BEGIN
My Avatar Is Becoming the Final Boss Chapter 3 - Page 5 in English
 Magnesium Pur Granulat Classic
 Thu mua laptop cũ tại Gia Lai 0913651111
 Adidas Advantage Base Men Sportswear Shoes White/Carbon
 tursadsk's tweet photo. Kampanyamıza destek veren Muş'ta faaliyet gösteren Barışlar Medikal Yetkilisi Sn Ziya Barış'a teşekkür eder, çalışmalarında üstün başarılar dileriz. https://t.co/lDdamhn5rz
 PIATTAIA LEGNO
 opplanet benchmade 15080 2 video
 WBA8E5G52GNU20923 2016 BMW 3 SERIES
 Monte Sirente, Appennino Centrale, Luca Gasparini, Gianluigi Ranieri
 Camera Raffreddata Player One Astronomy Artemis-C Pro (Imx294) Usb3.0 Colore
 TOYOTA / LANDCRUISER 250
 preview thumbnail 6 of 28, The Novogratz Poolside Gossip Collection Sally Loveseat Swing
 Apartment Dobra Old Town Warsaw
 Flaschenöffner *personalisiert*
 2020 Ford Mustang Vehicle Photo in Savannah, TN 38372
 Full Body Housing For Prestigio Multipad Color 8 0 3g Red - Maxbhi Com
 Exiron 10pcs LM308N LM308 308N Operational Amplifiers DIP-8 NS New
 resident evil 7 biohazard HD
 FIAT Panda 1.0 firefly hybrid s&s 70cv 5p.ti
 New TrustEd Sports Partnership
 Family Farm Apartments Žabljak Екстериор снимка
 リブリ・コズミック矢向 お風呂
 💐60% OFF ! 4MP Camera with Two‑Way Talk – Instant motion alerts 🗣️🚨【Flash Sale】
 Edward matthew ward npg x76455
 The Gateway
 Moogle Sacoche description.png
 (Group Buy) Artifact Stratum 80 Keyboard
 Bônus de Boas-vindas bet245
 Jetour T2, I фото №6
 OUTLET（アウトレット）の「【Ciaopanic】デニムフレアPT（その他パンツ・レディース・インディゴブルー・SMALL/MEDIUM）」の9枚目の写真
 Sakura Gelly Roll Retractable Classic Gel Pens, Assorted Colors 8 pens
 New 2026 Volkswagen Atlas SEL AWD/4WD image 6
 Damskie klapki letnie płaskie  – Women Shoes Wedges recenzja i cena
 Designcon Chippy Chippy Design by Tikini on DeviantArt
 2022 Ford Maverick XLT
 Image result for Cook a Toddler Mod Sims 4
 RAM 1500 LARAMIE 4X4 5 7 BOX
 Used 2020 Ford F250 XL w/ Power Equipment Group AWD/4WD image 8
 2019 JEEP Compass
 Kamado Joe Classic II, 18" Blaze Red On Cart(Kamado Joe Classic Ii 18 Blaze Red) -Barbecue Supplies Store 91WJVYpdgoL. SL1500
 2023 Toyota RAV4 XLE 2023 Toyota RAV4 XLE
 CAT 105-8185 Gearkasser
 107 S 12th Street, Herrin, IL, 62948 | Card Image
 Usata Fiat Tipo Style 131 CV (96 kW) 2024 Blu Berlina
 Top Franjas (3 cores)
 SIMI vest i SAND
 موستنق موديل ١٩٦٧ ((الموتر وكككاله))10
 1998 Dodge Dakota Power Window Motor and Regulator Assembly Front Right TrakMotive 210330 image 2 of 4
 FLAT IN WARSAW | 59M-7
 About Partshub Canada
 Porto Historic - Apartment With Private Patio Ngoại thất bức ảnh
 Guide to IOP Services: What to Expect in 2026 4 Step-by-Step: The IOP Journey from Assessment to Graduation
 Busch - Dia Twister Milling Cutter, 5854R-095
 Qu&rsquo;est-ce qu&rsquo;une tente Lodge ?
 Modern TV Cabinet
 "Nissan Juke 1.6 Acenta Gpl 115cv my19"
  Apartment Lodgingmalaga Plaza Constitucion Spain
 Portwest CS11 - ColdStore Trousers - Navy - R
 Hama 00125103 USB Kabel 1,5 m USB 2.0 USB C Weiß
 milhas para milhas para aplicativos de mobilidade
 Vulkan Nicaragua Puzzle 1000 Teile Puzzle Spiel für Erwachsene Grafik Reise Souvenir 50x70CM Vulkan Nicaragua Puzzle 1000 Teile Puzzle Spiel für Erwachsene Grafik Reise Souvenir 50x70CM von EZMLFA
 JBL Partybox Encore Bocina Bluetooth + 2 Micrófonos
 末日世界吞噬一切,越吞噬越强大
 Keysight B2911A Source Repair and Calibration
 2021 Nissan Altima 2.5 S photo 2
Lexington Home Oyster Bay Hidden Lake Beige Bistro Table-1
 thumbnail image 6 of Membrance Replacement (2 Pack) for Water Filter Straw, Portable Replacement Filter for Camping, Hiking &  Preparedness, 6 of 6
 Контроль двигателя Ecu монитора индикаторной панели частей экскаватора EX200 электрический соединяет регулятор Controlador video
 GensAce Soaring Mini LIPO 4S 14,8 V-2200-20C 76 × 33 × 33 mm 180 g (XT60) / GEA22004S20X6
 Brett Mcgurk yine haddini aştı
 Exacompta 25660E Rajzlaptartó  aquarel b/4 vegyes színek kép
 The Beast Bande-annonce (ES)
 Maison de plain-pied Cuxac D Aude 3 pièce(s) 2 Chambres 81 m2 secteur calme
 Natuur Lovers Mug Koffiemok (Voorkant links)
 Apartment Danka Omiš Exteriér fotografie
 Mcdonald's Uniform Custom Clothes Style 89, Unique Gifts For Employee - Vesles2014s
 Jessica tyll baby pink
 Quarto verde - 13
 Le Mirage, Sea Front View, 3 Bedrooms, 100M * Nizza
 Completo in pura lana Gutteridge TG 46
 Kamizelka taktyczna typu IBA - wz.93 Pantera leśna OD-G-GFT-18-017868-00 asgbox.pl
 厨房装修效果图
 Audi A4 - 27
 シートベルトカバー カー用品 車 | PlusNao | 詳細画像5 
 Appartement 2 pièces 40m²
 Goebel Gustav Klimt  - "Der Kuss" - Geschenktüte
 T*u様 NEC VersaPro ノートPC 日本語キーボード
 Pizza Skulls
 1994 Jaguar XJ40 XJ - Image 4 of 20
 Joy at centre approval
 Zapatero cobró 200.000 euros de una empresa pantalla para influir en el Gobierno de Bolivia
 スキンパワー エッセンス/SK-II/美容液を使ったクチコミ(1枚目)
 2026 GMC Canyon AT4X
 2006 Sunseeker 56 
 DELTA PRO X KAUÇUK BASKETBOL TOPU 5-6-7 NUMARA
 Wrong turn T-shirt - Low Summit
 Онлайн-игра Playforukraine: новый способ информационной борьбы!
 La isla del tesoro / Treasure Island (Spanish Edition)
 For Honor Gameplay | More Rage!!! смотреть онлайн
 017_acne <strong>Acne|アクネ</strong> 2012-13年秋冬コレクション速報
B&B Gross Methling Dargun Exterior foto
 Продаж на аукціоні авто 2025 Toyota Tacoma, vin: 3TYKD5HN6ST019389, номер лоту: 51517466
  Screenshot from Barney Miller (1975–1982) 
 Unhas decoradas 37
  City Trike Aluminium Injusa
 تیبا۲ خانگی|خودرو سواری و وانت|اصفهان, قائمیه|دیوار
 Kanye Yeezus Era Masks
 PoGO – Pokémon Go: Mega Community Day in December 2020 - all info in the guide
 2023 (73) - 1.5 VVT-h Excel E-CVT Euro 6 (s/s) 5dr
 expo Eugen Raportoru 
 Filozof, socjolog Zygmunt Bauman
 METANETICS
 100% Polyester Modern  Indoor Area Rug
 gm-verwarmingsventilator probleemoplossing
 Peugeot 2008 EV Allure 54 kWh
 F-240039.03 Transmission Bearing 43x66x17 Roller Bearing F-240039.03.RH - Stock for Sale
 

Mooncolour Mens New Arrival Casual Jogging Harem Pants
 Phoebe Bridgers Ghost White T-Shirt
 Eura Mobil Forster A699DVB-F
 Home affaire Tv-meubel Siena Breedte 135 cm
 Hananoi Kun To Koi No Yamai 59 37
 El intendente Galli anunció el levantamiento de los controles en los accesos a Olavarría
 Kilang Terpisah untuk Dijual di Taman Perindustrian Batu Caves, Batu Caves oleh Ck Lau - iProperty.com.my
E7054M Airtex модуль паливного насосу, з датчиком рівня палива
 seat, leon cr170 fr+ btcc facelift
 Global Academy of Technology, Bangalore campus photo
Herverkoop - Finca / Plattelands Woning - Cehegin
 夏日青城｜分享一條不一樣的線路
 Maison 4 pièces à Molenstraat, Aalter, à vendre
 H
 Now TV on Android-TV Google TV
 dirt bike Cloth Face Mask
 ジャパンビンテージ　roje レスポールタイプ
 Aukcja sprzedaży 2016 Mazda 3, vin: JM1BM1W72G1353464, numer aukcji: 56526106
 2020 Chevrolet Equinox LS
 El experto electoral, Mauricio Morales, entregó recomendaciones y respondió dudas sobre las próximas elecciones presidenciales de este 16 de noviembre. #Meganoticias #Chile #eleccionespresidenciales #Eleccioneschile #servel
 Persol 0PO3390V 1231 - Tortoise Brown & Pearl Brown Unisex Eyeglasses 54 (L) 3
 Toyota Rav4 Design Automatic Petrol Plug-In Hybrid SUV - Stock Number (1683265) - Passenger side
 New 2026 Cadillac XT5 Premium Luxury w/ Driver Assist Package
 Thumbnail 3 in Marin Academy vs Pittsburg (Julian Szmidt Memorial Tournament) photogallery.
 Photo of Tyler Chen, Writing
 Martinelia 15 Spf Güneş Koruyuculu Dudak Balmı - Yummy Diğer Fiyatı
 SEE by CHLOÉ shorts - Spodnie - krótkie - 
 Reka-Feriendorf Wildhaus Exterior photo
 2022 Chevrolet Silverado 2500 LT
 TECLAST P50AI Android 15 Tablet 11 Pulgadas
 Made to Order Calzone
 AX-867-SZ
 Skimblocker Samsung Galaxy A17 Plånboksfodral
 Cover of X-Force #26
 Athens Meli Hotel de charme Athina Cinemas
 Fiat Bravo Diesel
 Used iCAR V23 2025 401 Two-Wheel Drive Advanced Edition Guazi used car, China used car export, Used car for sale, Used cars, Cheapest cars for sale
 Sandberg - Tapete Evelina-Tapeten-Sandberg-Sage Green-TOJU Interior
END
Exercise goal ▸ What is needed is a verbatim copy of every line in the records above from the one containing "opplanet benchmade 15080 2 video" down to the one containing "2020 Ford Mustang", both included, and nothing more.

Output of the task ▸
 opplanet benchmade 15080 2 video
 WBA8E5G52GNU20923 2016 BMW 3 SERIES
 Monte Sirente, Appennino Centrale, Luca Gasparini, Gianluigi Ranieri
 Camera Raffreddata Player One Astronomy Artemis-C Pro (Imx294) Usb3.0 Colore
 TOYOTA / LANDCRUISER 250
 preview thumbnail 6 of 28, The Novogratz Poolside Gossip Collection Sally Loveseat Swing
 Apartment Dobra Old Town Warsaw
 Flaschenöffner *personalisiert*
 2020 Ford Mustang Vehicle Photo in Savannah, TN 38372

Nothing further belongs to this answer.